SOURCE MATERIAL Start Marker
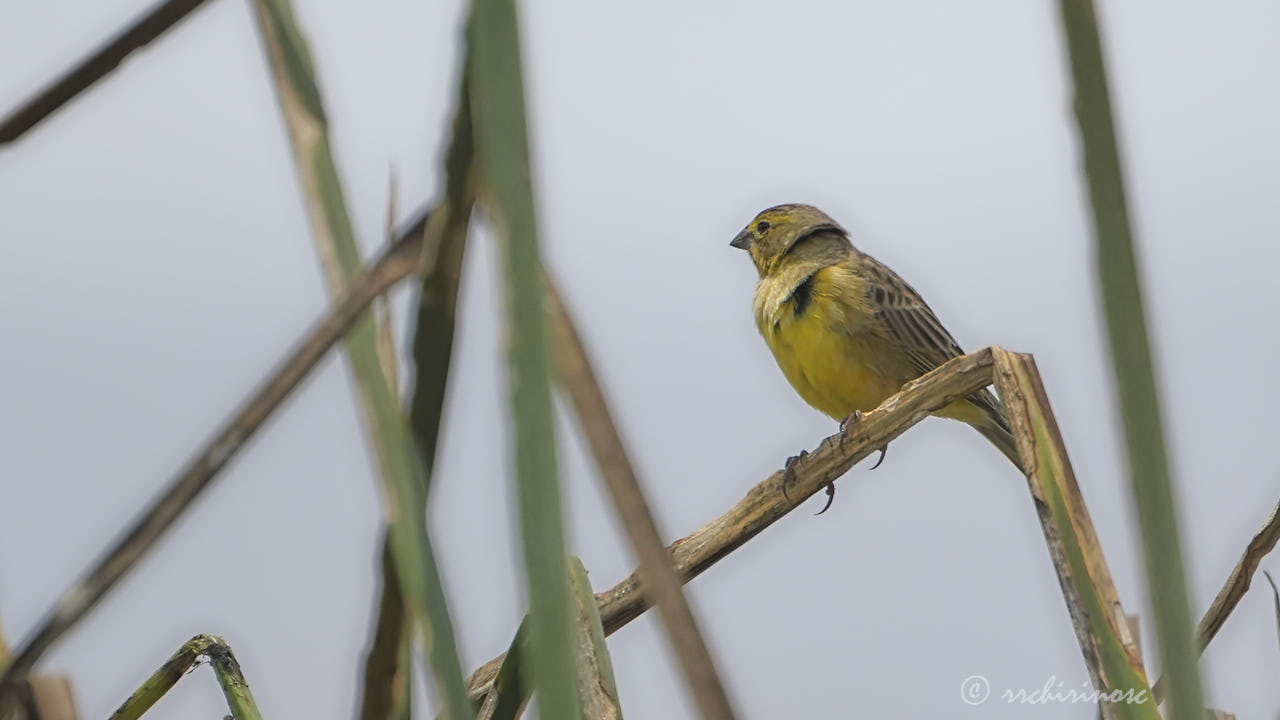 Grassland yellow-finch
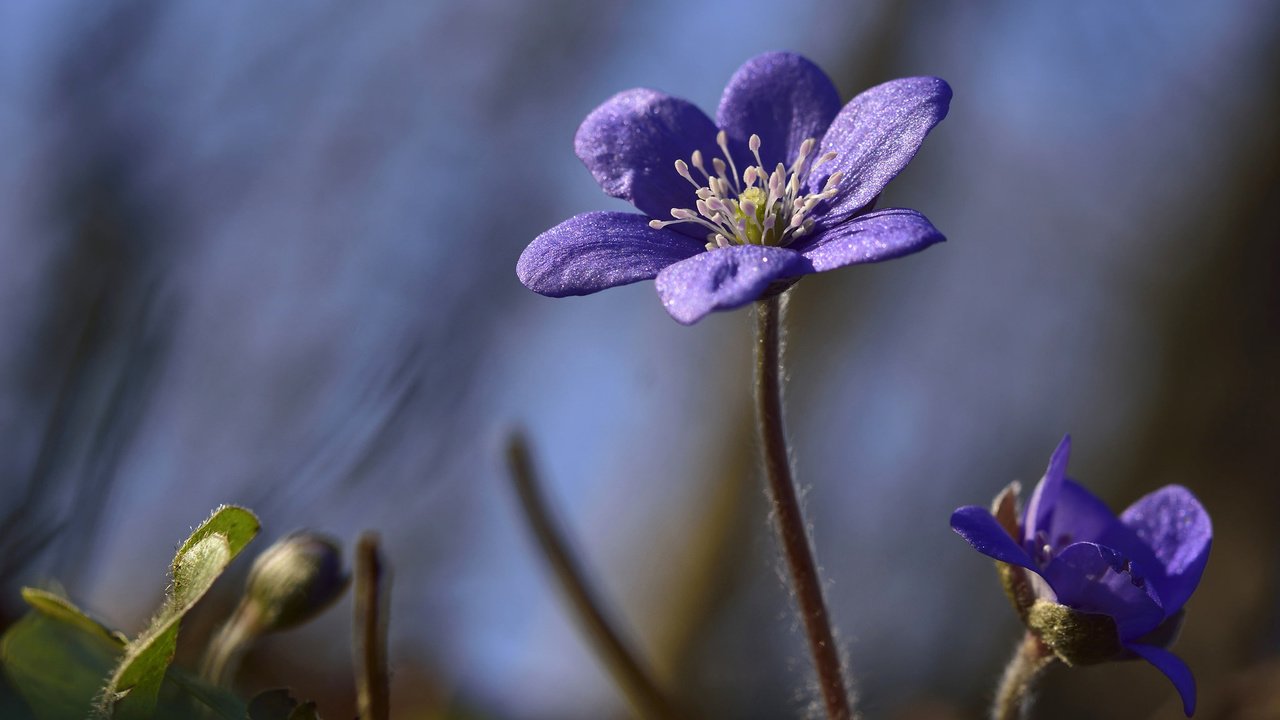 Обои макро, боке, печёночница, macro, bokeh, pechenocna разрешение 2048x1436 Загрузить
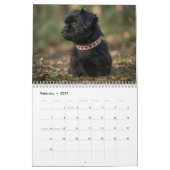 Affenpinscher 2027 Wandkalender (Feb 2027)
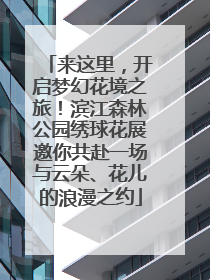 来这里，开启梦幻花境之旅！滨江森林公园绣球花展邀你共赴一场与云朵、花儿的浪漫之约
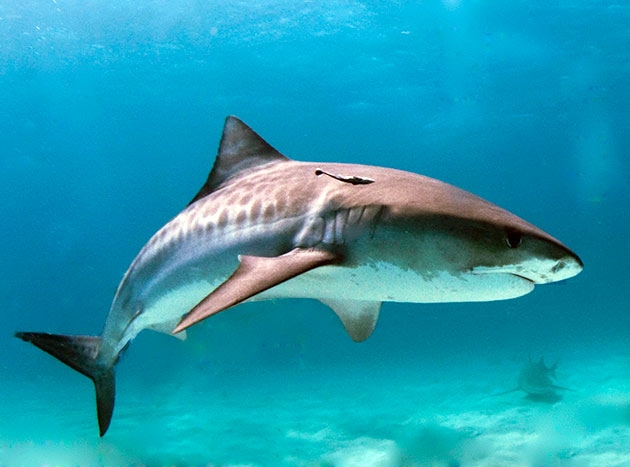 Тигровая акула - гроза тропических морей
SOURCE MATERIAL End Marker
Nothing but the pictures may be dropped; output the records above exactly.

 Grassland yellow-finch
 Обои макро, боке, печёночница, macro, bokeh, pechenocna разрешение 2048x1436 Загрузить
 Affenpinscher 2027 Wandkalender (Feb 2027)
 来这里，开启梦幻花境之旅！滨江森林公园绣球花展邀你共赴一场与云朵、花儿的浪漫之约
 Тигровая акула - гроза тропических морей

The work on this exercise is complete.